And after those tests, try shifting the adaptor to the other end so that the hyper data bus is shorter than the hyper clock.

Scroungre · 2021-09-20 02:07

Both interesting thoughts, but if it's perfect as it is (which I'm not sure - Instead of "percentage of successful read/write cycles" I'd rather see "Errors in [say] 10,000 cycles") there's not much point in trying to make it better. Unless I can coax the KISS to 350 and find errors thereby.

I'll try your suggestions anyhow - even if it makes it worse, that's useful information. Oddly enough, unlike the Edge breadboard, the headers on the KISS are equally spaced, so I can move down eight data pins at a time (if I stick in some more headers). I don't think the code will like that, though. Maybe I can tweak it a little - more news to come later. Hafta go do carpentry now.

So far, so good, S.

evanh · 2021-09-20 04:40

You're right. I didn't even look at your supplied report file. The fails you are getting above 300 MHz are sounding like a chip reset rather than hyper timing limits. Your report, when compared to the Eval Board, shows there is more room for tight integration. The new Edge Board with RAM should be highly reliable at all clock rates.
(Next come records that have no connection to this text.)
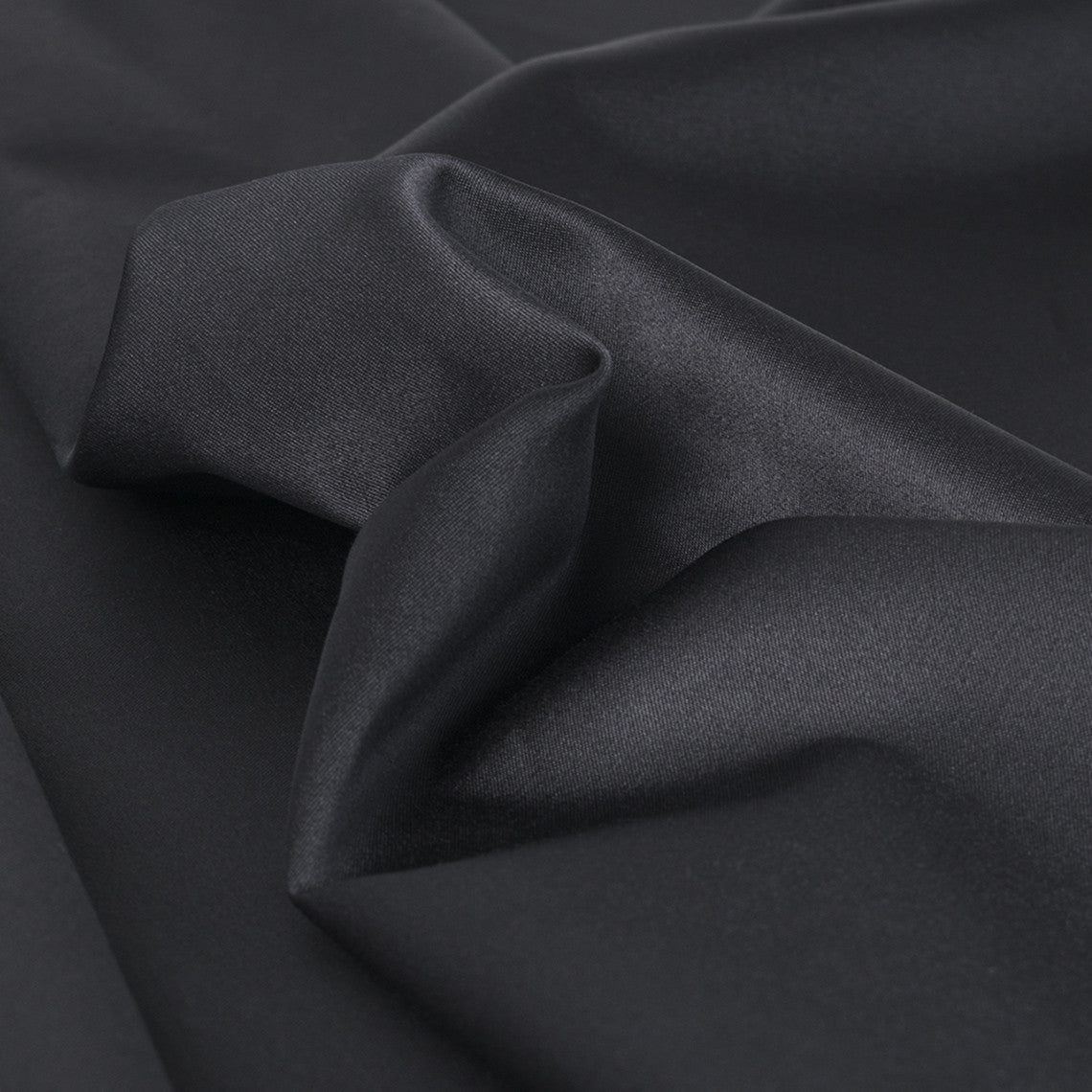 Black Stretch Matte Satin 383 - Fabrics4Fashion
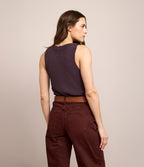 Top Mujer Tejido Stella Morado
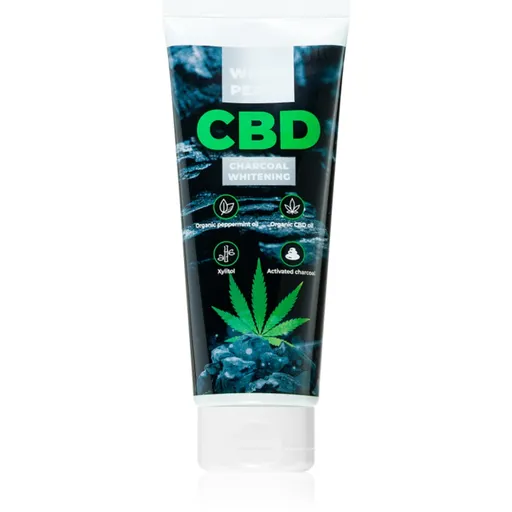 White Pearl CBD Charcoal Whitening bělicí zubní pasta s aktivním uhlím s CBD 75 ml
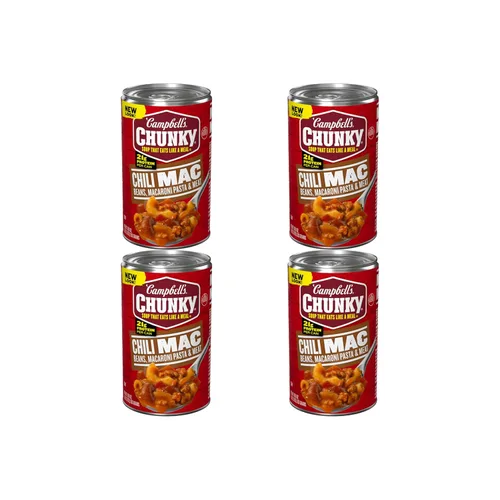 Vista 9 de Campbell's Chunky Beefy Mac Soup, lata de 18.8 oz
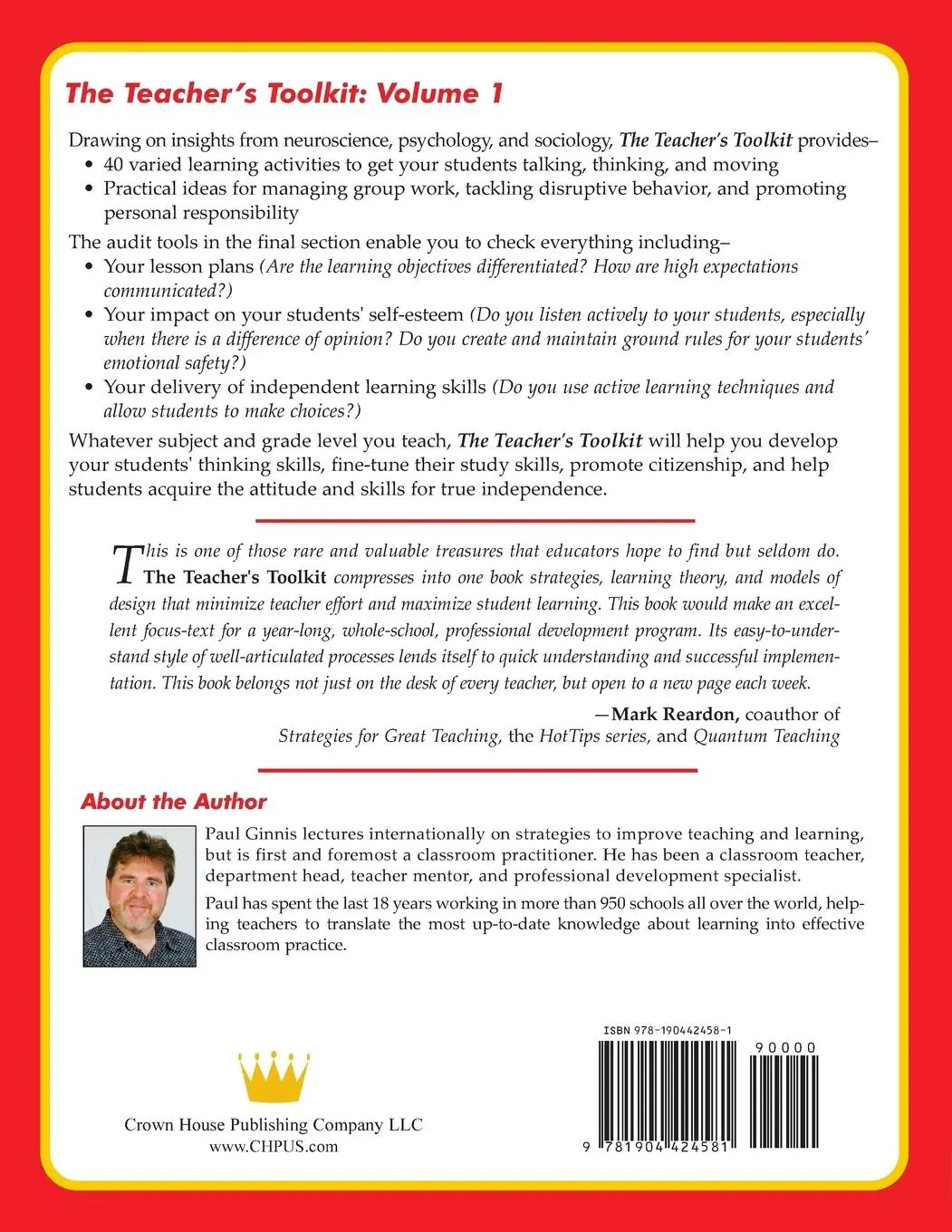 Rückseite: 9781904424581 | US Teachers Tookit | Paul Ginnis | Taschenbuch | Englisch | 2014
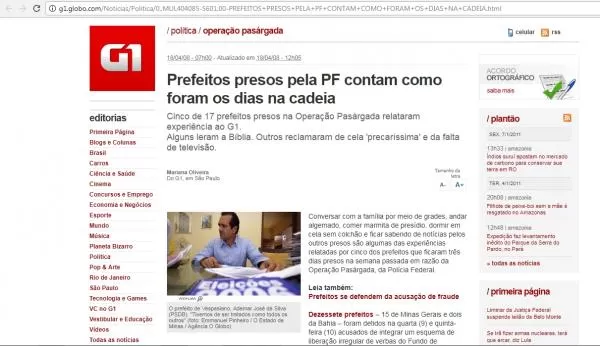Dezesseis anos da prisão do ex-prefeito Ademar José da Silva por suspeita de corrupção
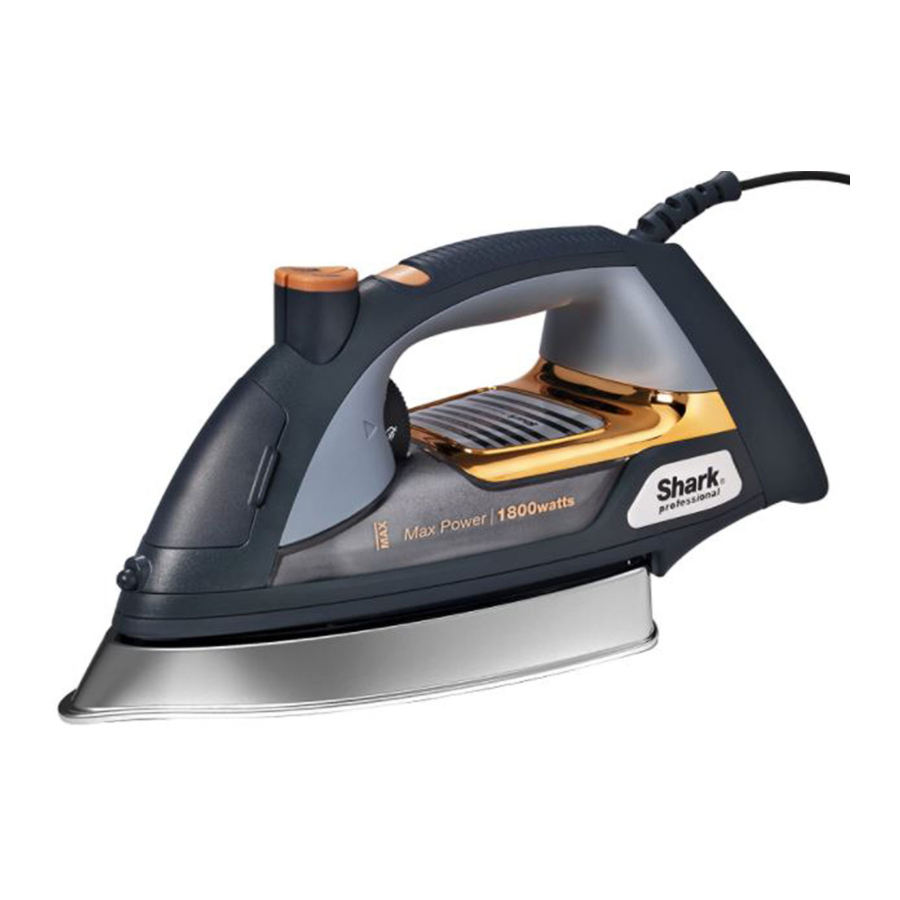 Shark GI505 Series - Professional Iron Manual
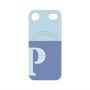 プレミアムパネル with MagSafe［ オリジナル - initial two tone - P blue ］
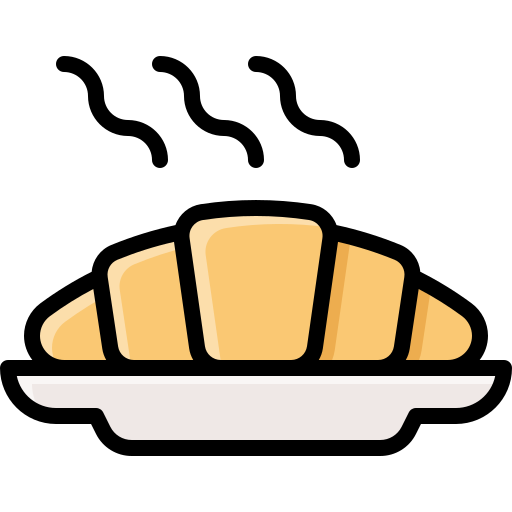 croissant Generic Outline Color icoon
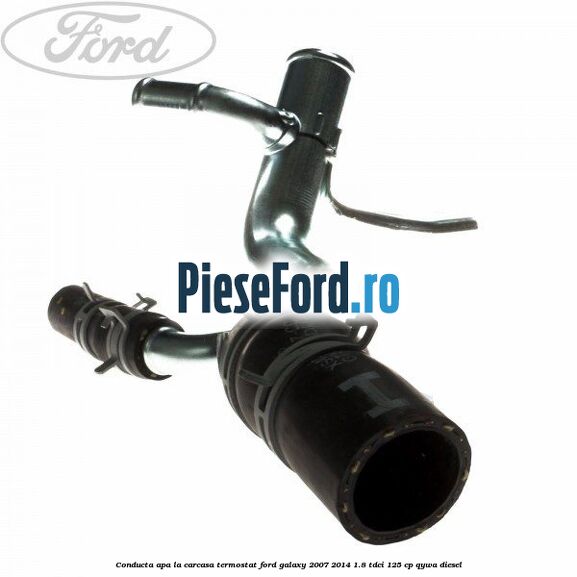 Conducta apa la carcasa termostat Ford Galaxy 2007-2014 1.8 TDCi 125 cp QYWA diesel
Scroungre · 2021-09-20 06:46

It does reek a bit of a chip reset. The RAM test walks up through the frequencies, and if you go over 300MHz it clears the serial terminal window! Rude, that! Can't cut'n'paste at all, let alone logfile it (at least, not with the Propellor Serial Terminal). It also seems a really 'hard' limit - just a bit over, nothing, at 300 exactly, everything's working fine.

If it were weird power or bum caps or something, I'd expect more "flakiness" - more of a 'fuzzy' limit, where below it you get occasional errors and above it you get occasional success.

Looking forward to the Edge with RAM, although the KISS is a more convenient form factor for me. That's just me... S.

rogloh · 2021-09-20 07:08

I don't see what would be intentionally fitted in place to cause a hard P2 reset above 300MHz. If it is thermal or some current limit on the KISS board then it should also probably be load dependent and idling a single COG at 300MHz shouldn't hit that limit so you could write something that just clocks it at over 300MHz and doesn't do much else and see if that works without failure. Also you could monitor the reset pin too when you encounter this. My own P2ME2 board can reset the P2 if the regulator power good signal is driven low indicating the 1.8V voltage is out of range or for a UVLO condition, maybe your KISS board does something similar.

I think the next gen EDGE should help resolve your problems when it arrives assuming it's all designed well timing wise (should be given its small size) and its power design is solid. The P2-EVAL also works reasonably well (apart from use of P28-P31 for high speed stuff).

evanh · 2021-09-20 07:31

@Scroungre said:
... and if you go over 300MHz it clears the serial terminal window! Rude, that! Can't cut'n'paste at all, let alone logfile it (at least, not with the Propellor Serial Terminal). It also seems a really 'hard' limit - just a bit over, nothing, at 300 exactly, everything's working fine.

That's even odder than I was thinking. Time to verify the clock frequencies. Here's a quick test I've thrown together. Compiled with Flexspin. It requires an interactive terminal. It starts at 300 MHz and each key-press there after will bump the frequency by 1 MHz.

Monitor accuracy with an oscilloscope (or frequency counter) on pin P56. Pulse rate is sysclock/1000 so 300 MHz should read 300 kHz.

evanh · 2021-09-20 19:31

Oops, now rebuilt for a 25 MHz crystal:

Scroungre · 2021-09-21 09:06

Clock frequencies verified! I ran your 25MHz code and looked at it on a 'scope, and it does indeed run quite well at up to nearly 400! (yeah, by then it gets weird, but that's to be expected.) It's fine and does indeed display 350kHz when the serial port claims it's running at 350MHz.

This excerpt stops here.